# Model a Multinomial Logistic Regression in Python

This notebook will perform multinomial logistic regression on our sample data.  We have a decent amount of data, though there is some skew that we'll have to watch out for:  two of our classes are under-represented in the dataset.

For prior analysis, we've used `pandas`, `numpy`, and a variety of functions from `scikit-learn`.  Now we'll add two more functions from `sklearn.model_selection`:  `RepeatedStratifiedKFold` and `cross_val_score`.  These aren't mandatory for multinomial logistic regression but will help us get a better idea of how the model fares.

In [None]:
import pandas as pd
import numpy as np
from sklearn.linear_model import LogisticRegression
from sklearn.model_selection import train_test_split
from sklearn.preprocessing import OrdinalEncoder
from sklearn.impute import SimpleImputer
from sklearn.metrics import accuracy_score
from sklearn.metrics import confusion_matrix, classification_report
from sklearn.model_selection import RepeatedStratifiedKFold, cross_val_score

## Data Preparation

We will read in the same dataset as what we have in R, so instead of blanks, we'll get those `NA` values.

In [None]:
df = pd.read_csv("../data/ExtendedAttackData.csv")

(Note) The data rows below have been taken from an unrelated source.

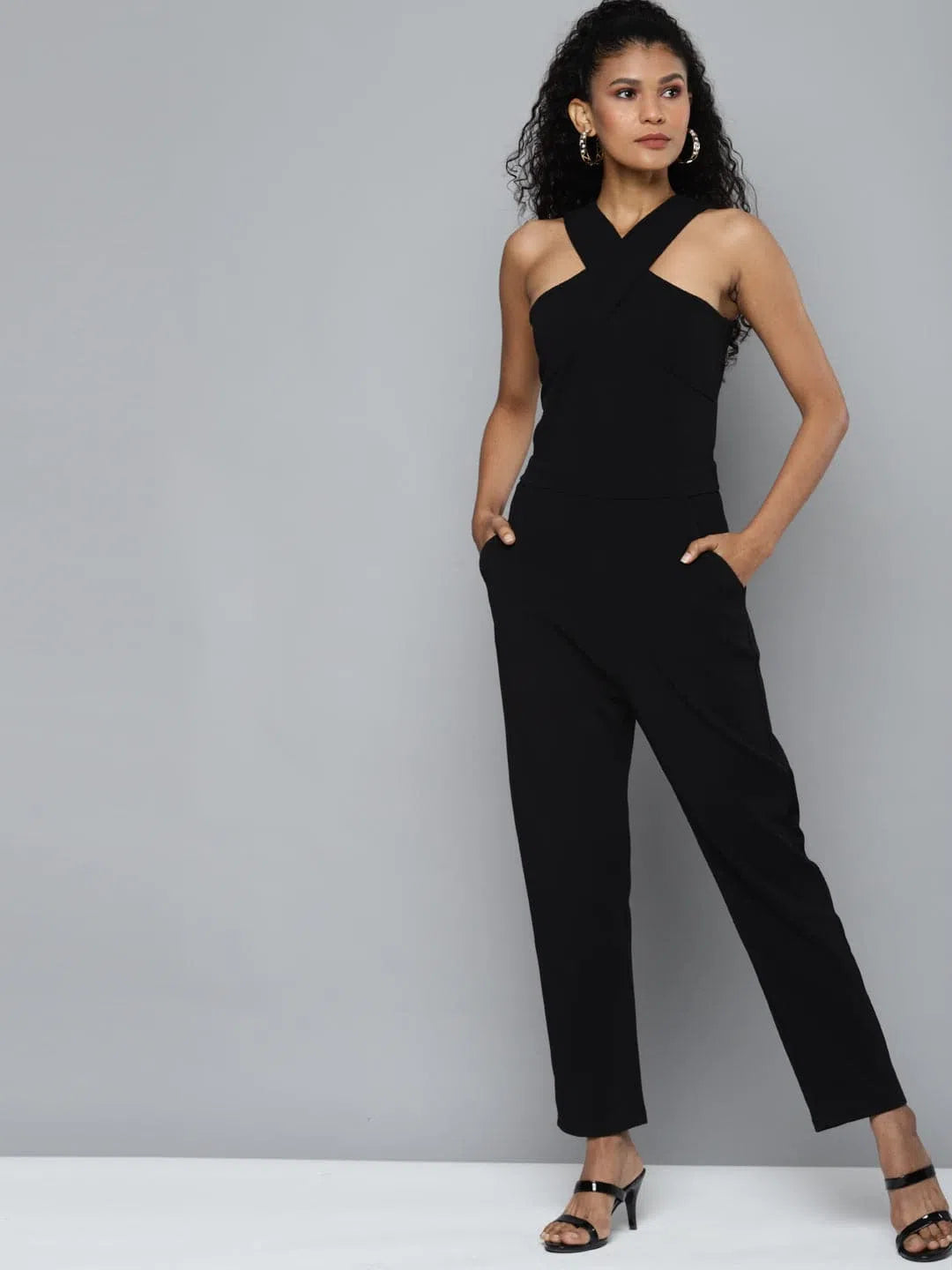 Affordable Women's Fashion Women Solid Black Jumpsuits & Sets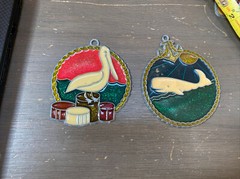 Stained Glass Metal Whale and pelican Window Sun Catchers lot of 2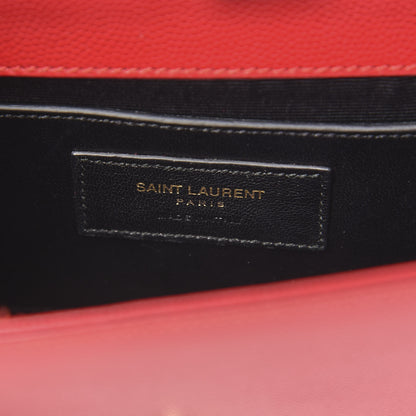 Saint Laurent Grain De Poudre Small Monogram Kate Satchel Red 6 of 9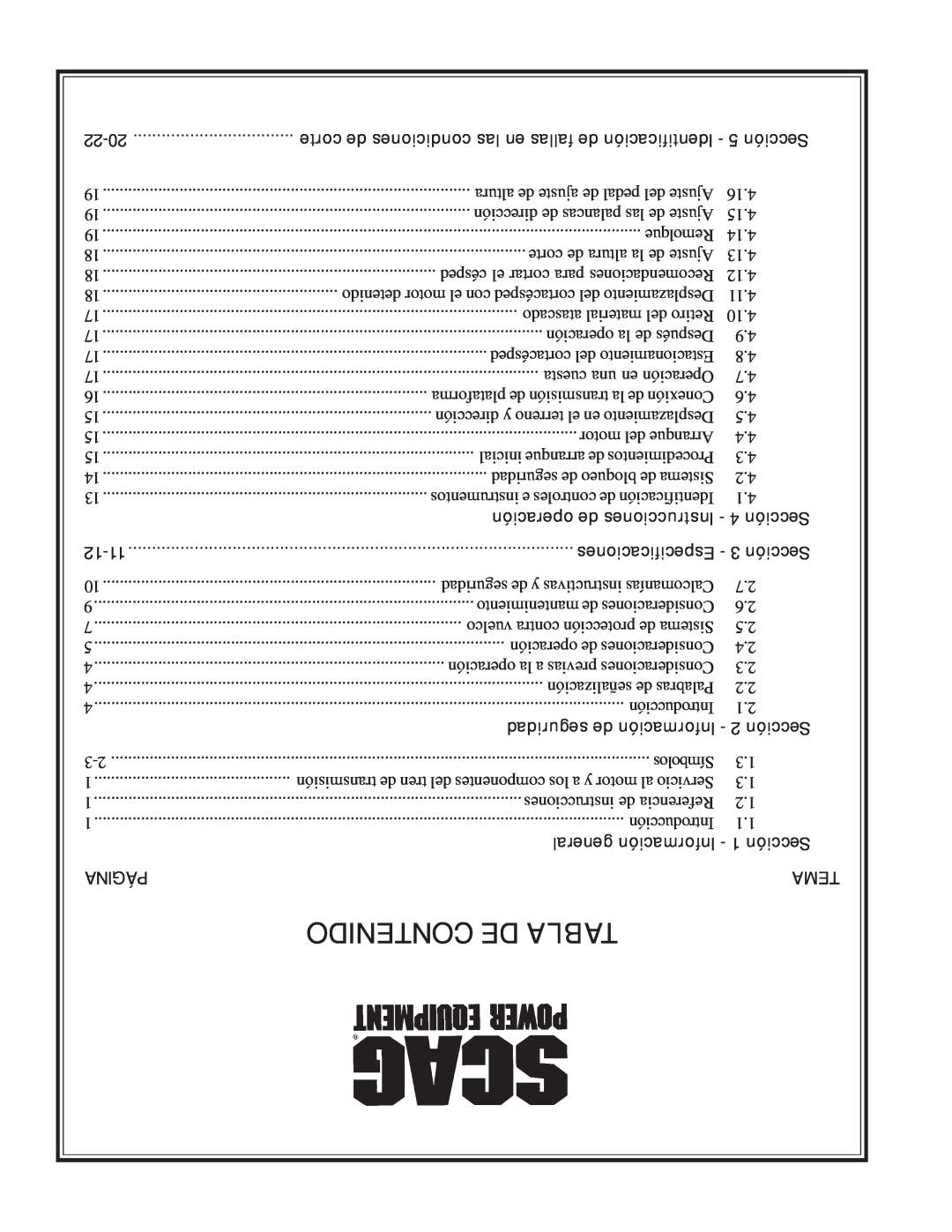 Scag Power Equipment STT61V-31EFI-SS manual Contenido De Tabla, operación de Instrucciones - 4 Sección, 12-11, Página, Tema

The good news is that Python interprets those `NA` values as `NaN`, just as we want.

In [None]:
df.head(5)

Before performing any string imputation or column transformations, let's take `AttackType` and make it our label.  We'll also drop `malicious` from the feature set, as it won't be necessary.

In [None]:
y = df['AttackType']
x = df.drop(['AttackType', 'malicious'], axis=1)

Just as before, we'll create an ordinal encoder and transform string values into ordinals.  Then, we'll impute missing numeric values with the mean value.

In [None]:
string_cols = x.select_dtypes(include=[object]).columns.values
enc = OrdinalEncoder()
enc.fit(x[string_cols])
x[string_cols] = enc.transform(x[string_cols])

In [None]:
imp_mean = SimpleImputer(missing_values=np.nan, strategy='mean')
x[:] = imp_mean.fit_transform(x)

## K-Fold Cross-Validation

Before we fit our model and run test data against it, let's use a new function:  `cross_val_score()`, which performs k-fold cross-validation.  We'll split our data 10 ways (i.e., 10-fold) with the `RepeatedstratifiedKFold` class.  We do this three separate times with random subsets of the data and generate a value for accuracy for each split attempt.

In [None]:
clf = LogisticRegression(multi_class='multinomial', solver='lbfgs', random_state=106842, max_iter=1000)

In [None]:
cv = RepeatedStratifiedKFold(n_splits=10, n_repeats=3, random_state=1)
n_scores = cross_val_score(clf, x, y, scoring='accuracy', cv=cv, n_jobs=-1)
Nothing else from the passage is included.